Available data:
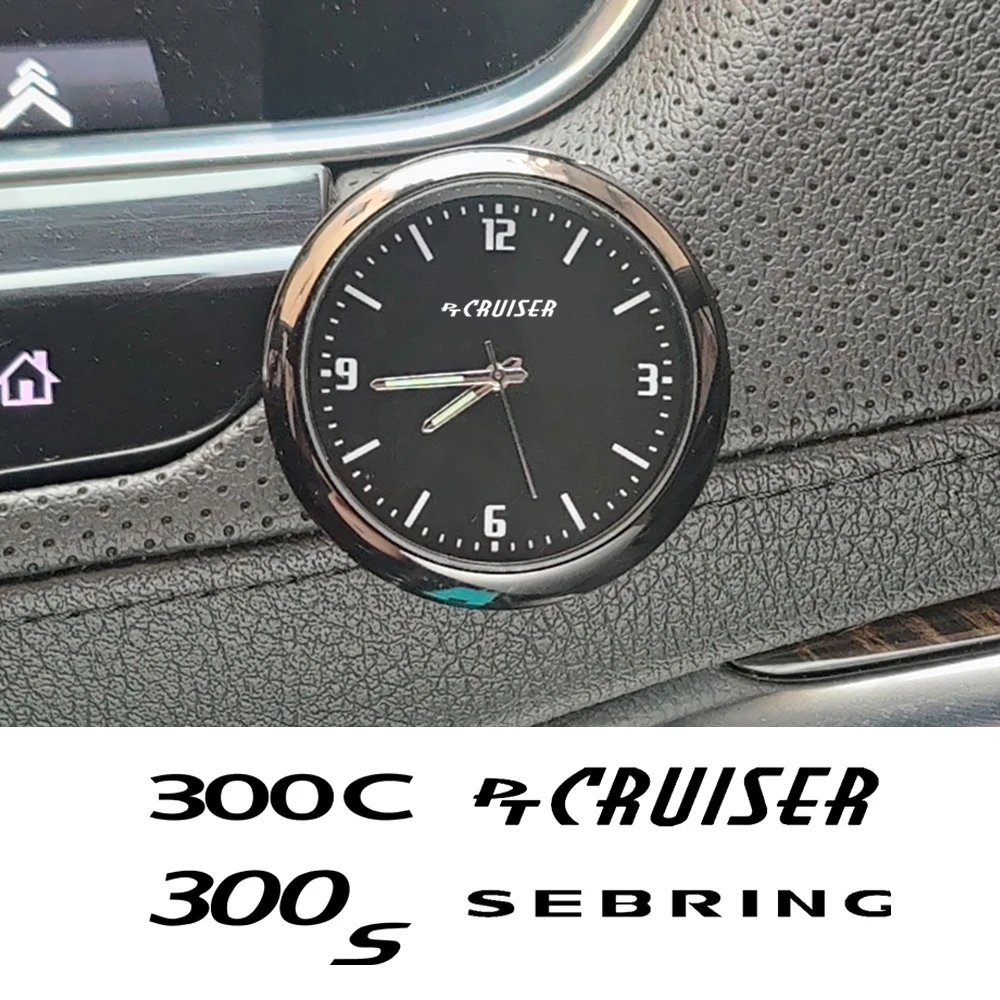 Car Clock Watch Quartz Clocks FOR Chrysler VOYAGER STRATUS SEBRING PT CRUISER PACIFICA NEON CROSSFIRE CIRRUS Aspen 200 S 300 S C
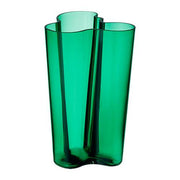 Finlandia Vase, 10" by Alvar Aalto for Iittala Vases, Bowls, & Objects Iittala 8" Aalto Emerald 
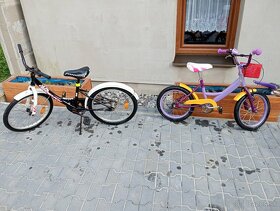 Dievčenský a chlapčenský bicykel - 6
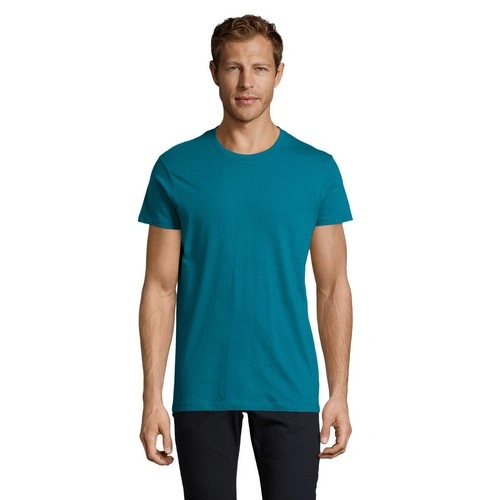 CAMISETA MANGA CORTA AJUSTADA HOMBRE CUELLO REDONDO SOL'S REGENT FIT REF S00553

Task statement: Return the listing above in full and exactly, omitting all pictures.

Solution for this problem:
 Car Clock Watch Quartz Clocks FOR Chrysler VOYAGER STRATUS SEBRING PT CRUISER PACIFICA NEON CROSSFIRE CIRRUS Aspen 200 S 300 S C
 Finlandia Vase, 10" by Alvar Aalto for Iittala Vases, Bowls, & Objects Iittala 8" Aalto Emerald 
 Dievčenský a chlapčenský bicykel - 6
 CAMISETA MANGA CORTA AJUSTADA HOMBRE CUELLO REDONDO SOL'S REGENT FIT REF S00553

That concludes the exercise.